This exact bug is responsible for the infamous Far Lands bug of Minecraft.

Managing this mostly means being careful about when to use floating point. Integer co-ordinates should be used wherever possible. Using double precision floats can also help, but Sylves has no support for this internally.

To completely resolve the problem, it is necessary to apply Grid Recentering

Grid Recentering

Floating point precision is a common problem in games with large scales. It comes up in many space games which simulate human sized physics on a planet sized scale or larger.

If the problem is that floating point operations are only really acceptably accurate near the (0, 0, 0), the you need to ensure that all floating points in your game never really get too large, even as you explore farther out in the world.

The solution is a "floating origin", as seen, e.g. in Kerbal Space Program. This designates an arbitrary point in space to be the origin.
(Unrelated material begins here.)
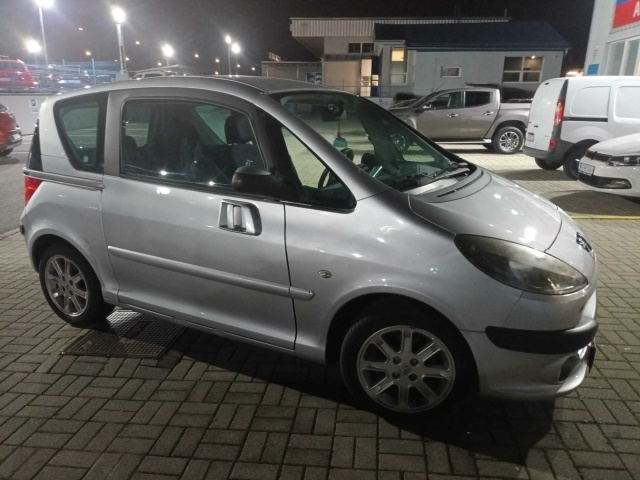 Peugeot 1007 2006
All floating point positions are computed relative to the origin. If the player moves too far away, you just move the origin to be closer. Everything in the vicinity of the origin is high precision, while stuff further away is worse quality. By keeping the origin near the player or camera, we can ensure users always see things happening with sufficient precision.

What does this look like in Sylves? Sylves has a special method Recenter(Cell cell) which returns a translated grid so that the given cell's center is at (0, 0, 0). This translation means that effectively all floating point operations done by the grid are relative to this origin cell. Internally, the translation is done with integer arithmetic, so it never has any precision issues.

You can use this recentering to set the origin to something nearby the player.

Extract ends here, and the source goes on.